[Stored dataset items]
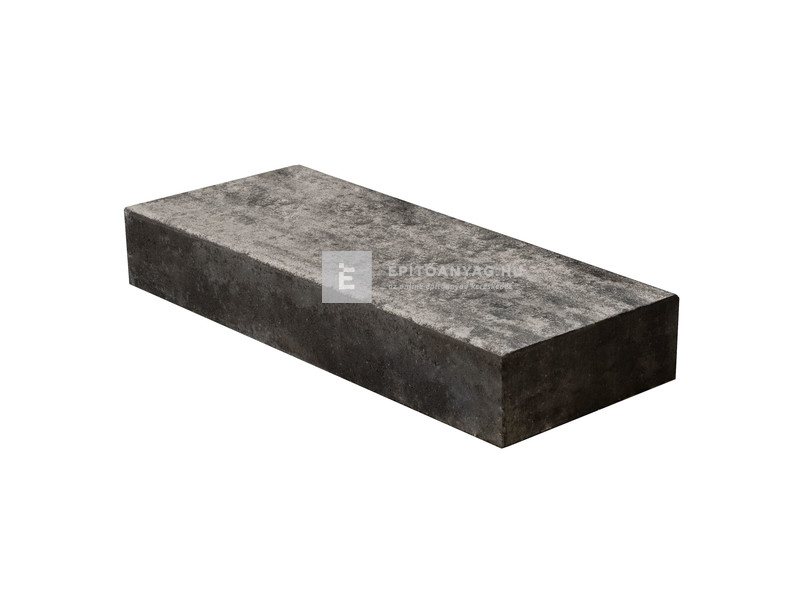 Viastein blokklépcső élképzéssel CP+ antracit-fehér 40x100x15 cm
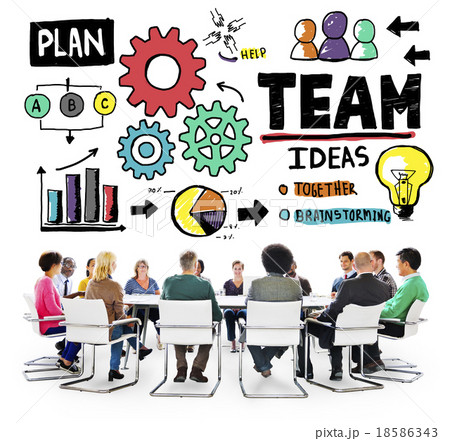 Teamwork Team Collaboration Connection Togetherness Unity Concep 18586343
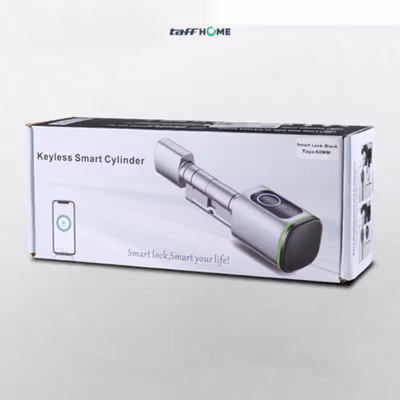 TaffHOME Smart Door Lock Fingerprint Bluetooth Card Alarm Tuya Smart - S1-B60 - Black — gambar 5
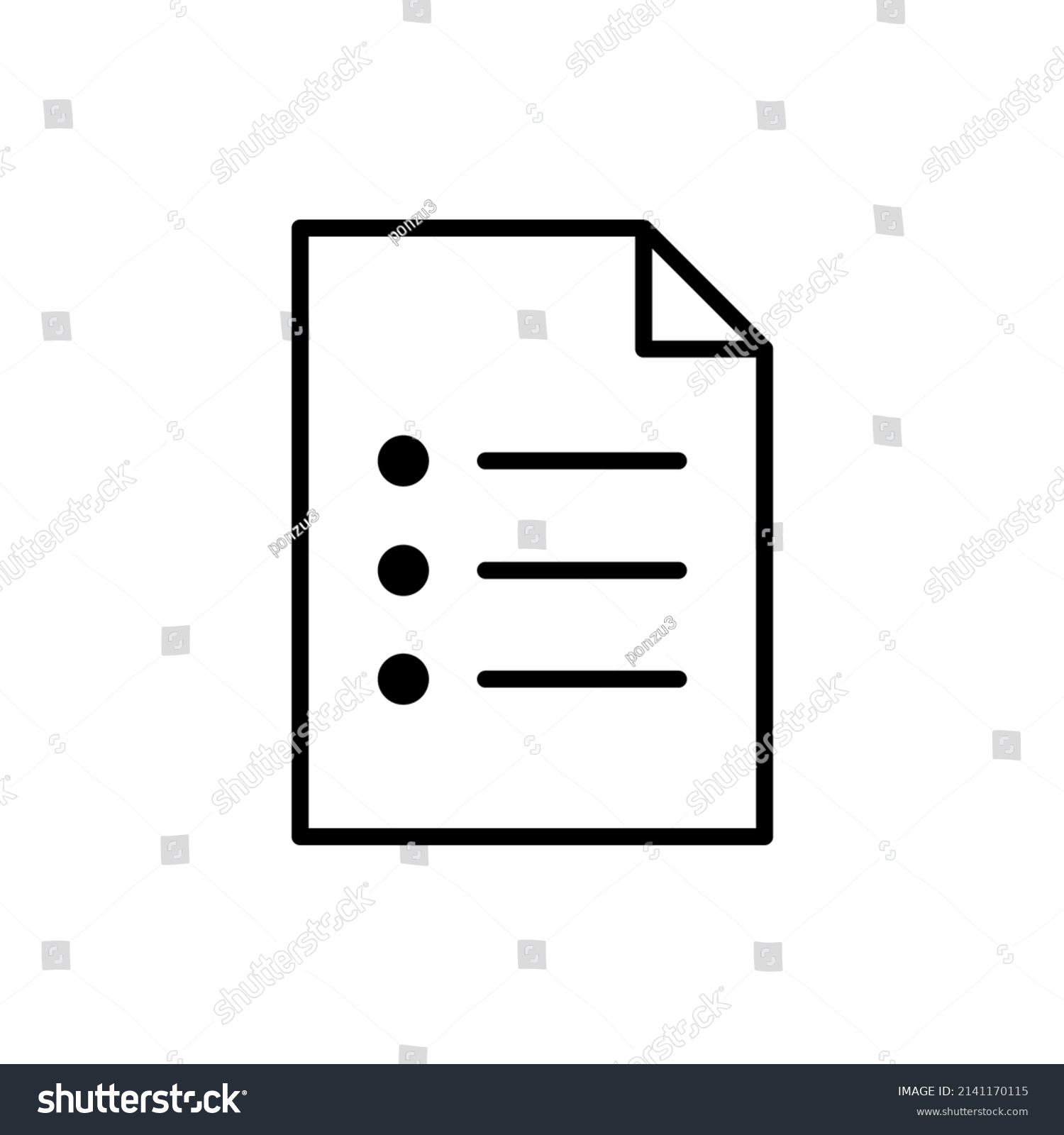 round-marked-list-documents-data-simple-stock-vector-royalty-free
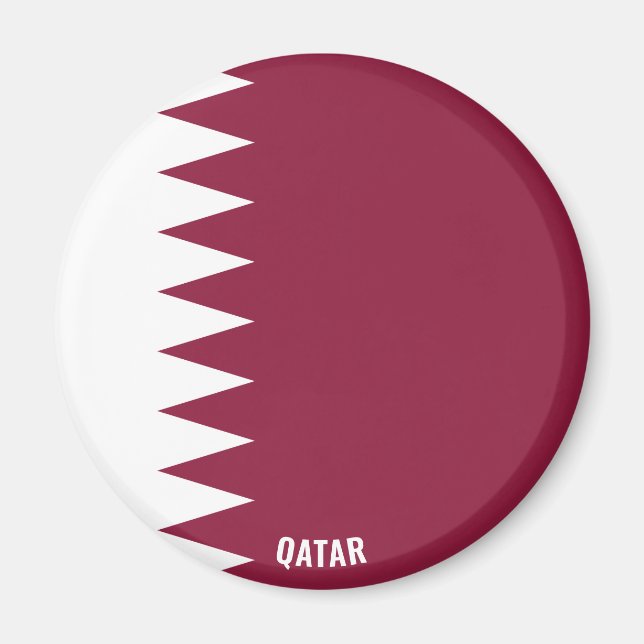 Qatar Flag Charming Patriotic Magnet (Front)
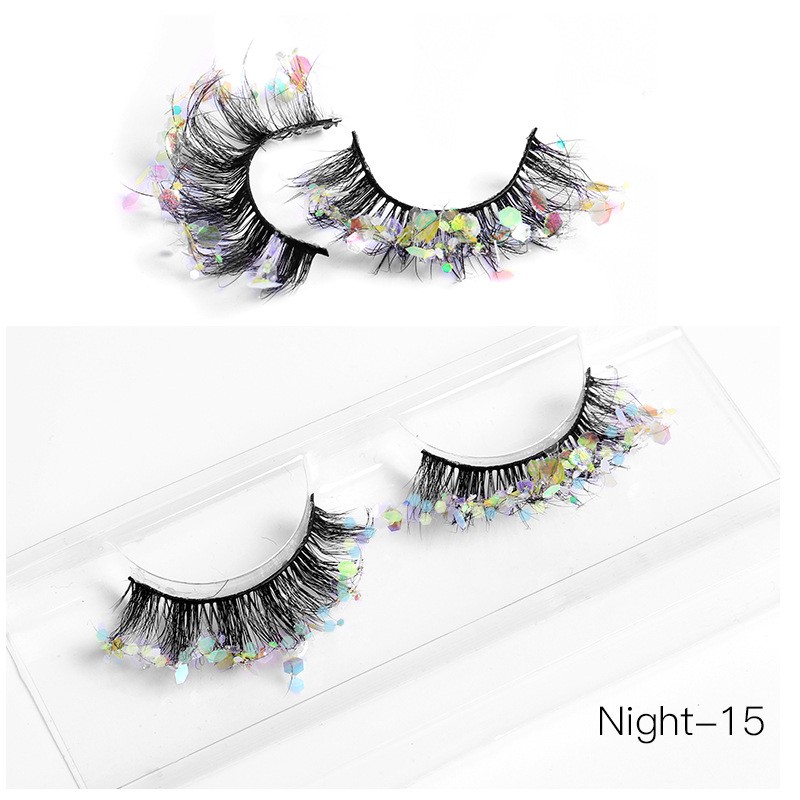 Mink Lashes Supplier - Wholesale 3D Multi-Color Shiny Christmas Rainbow Full Strip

PROBLEM DESCRIPTION:
Only the lines starting at the one that holds "Teamwork Team Collaboration" and ending at the last line of the data belong in your answer. Please set them down exactly and omit the pictures.

TASK ANSWER:
 Teamwork Team Collaboration Connection Togetherness Unity Concep 18586343
 TaffHOME Smart Door Lock Fingerprint Bluetooth Card Alarm Tuya Smart - S1-B60 - Black — gambar 5
 round-marked-list-documents-data-simple-stock-vector-royalty-free
 Qatar Flag Charming Patriotic Magnet (Front)
 Mink Lashes Supplier - Wholesale 3D Multi-Color Shiny Christmas Rainbow Full Strip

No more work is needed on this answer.